My great-great-great-great-great-great-great-great-grandfather on my father’s mother’s side came over to America from England in the late-1600s. His cousin was John Tillotson, Archbishop of Canterbury. My surname is a common one in England.
The first car I remember riding in was my parents’ Triumph Herald convertible. My mom got an MGB after that, and that one eventually became my first car. I had two other MGBs too, and I have one now undergoing restoration. The owner’s manual is where I picked up “boot” and “tyres” and “sparking plugs”. (Sometimes I still spell it “tyres”, but I haven’t said “sparking plugs” in years.)

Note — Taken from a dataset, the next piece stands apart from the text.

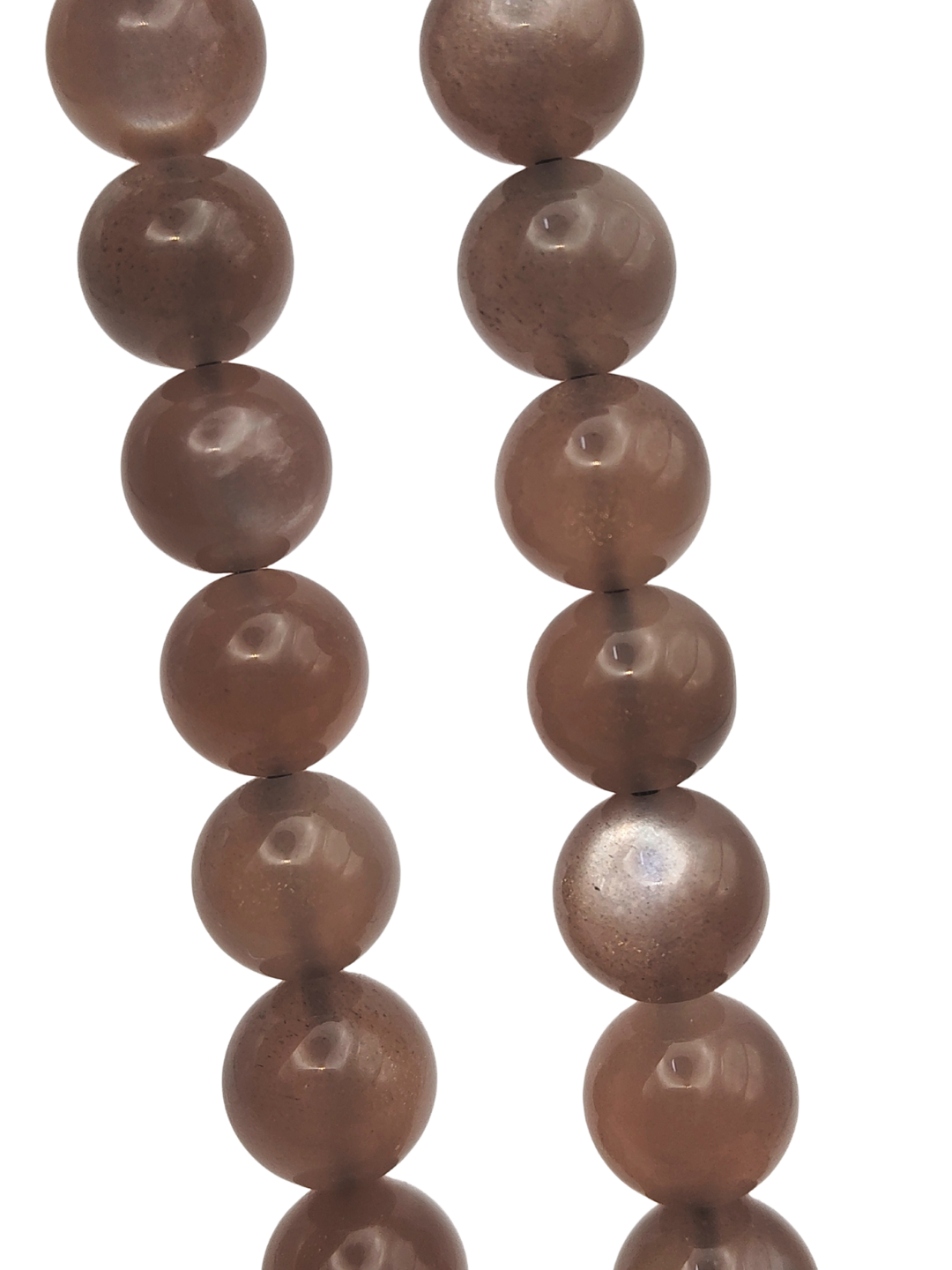 Grey Moonstone Bracelet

One of my favourite films is Spitfire, starring Leslie Howard. How British can you get? Battle of Britain, Spitfires, God and Country and all that… And Monty Python. Brilliant! I’ve always loved Monty Python. Of course I went to typical American schools; but I’ve always liked the way English schools are portrayed. I feel I’ve missed out on a lot of History by not attending an English school. And History is one of my favourite subjects!
Maybe that’s it. History. We have 400 years of it here. England has thousands!
I was watching a documentary on the Titanic. The captain’s last words might have been, “Be British!” Can you imagine someone saying, “Be American!” Americans tend not to take the inevitable stoically. We tend to fight until the bitter end. (Although there was an American Naval pilot in WWII who bemoaned his problems on the radio. He was told, “Shut up and die like an Aviator!”)
I find English syntax to be more stimulating than American syntax. They just seem to turn a better phrase.
Beer.
I find English women quite attractive. Not that there’s anything wrong with American women; just that English women (and Canadian women, and French women and Australian women, and Italian women) are a little more… something.
A sense of decorum.
You know the last company I worked for is headquartered in Nottingham?
I’m reasonably young. Well, young at heart at any rate. I’m fairly intelligent. I have a wicked sense of humour. I’ve put "u"s in my words since I was a child. (More aesthetically pleasing that way.) I’m good at data analysis, and wouldn’t mind wearing a suit to work. I’m good looking. Well, I’m not bad looking. I mean, small children don’t hide behind their mothers’ skirts at my approach as I walk down the street. At least, not very often. I can fly a helicopter. Any English ladies interested?
No? Well, anyway; I’d still like to live in England.